Bonds had a bad year in 2022. It was the worst year ever for bonds, according to some measures, explains Bob Carlson, a leading specialist in retirement investment strategies and editor of Retirement Watch.
When interest rates rise, bonds lose value. The longer the term of the bond, the more it loses. iShares 20+ Year Treasury Bond (TLT) - a Top Pick for more aggressive investors - lost more than 26% as of December 10, and it was down much more before a rally in November and early December.
But when interest rates decline, bond values increase. Long term bonds rise the most in value when rates fall. I expect interest rates to peak in the first half of 2023.
It's likely the Federal Reserve will stop tightening monetary policy by then. Economic growth should be declining, and so should inflation. Late in 2023 the Fed might turn to an easier monetary policy and begin reducing interest rates.
Market interest rates should fall before the Fed begins its easing policy. In this environment, long-term treasury bonds should generate significant capital gains by the end of 2023. In the meantime, investors will capture the yield on the bonds.
The main risk is that inflation doesn't decline fast enough. In that case, the Fed will maintain its tighter monetary policy longer and delay the switch to an easier monetary policy.
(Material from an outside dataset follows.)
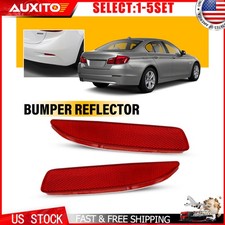 For Mazda 3 2014-2018 Mazda 5 2006-2017 Red Rear Bumper Reflector 2-10x For Mazda 3 2014-2018 Mazda 5 2006-2017 Red Rear Bumper Reflector 2-10x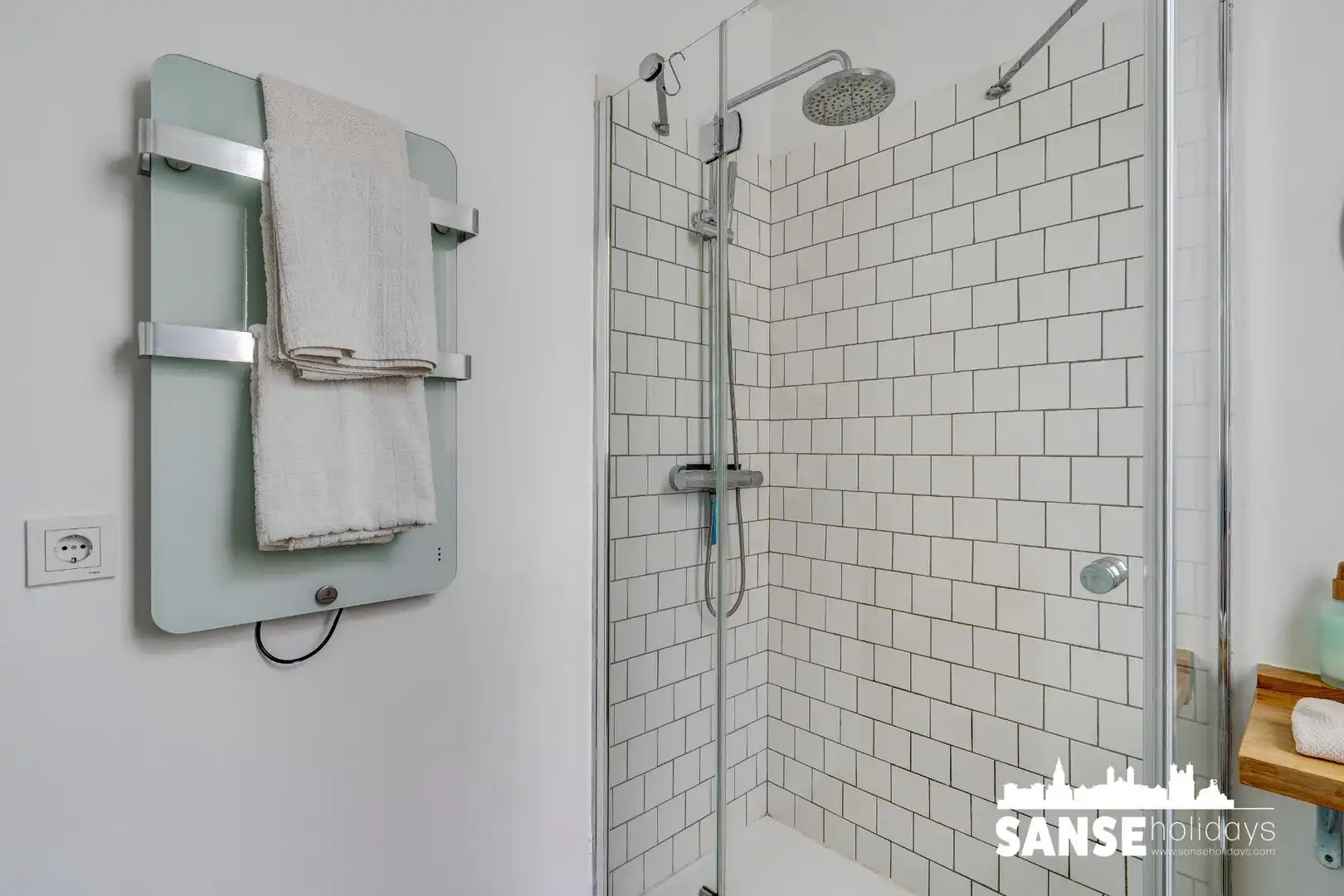 Bathroom of Flat for rent in Pasaia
Another risk is that the Fed begins cutting interest rates before inflation is close to its target rate. The Fed might do that if inflation becomes stuck around 4% but the economy is in a recession.
The Fed might be unable to resist giving into complaints that its policy is too tight and causing too much economic pain. If that happens, we'll be in for a period of stagflation during which bond prices will fluctuate a lot but are likely to have negative returns much of the time.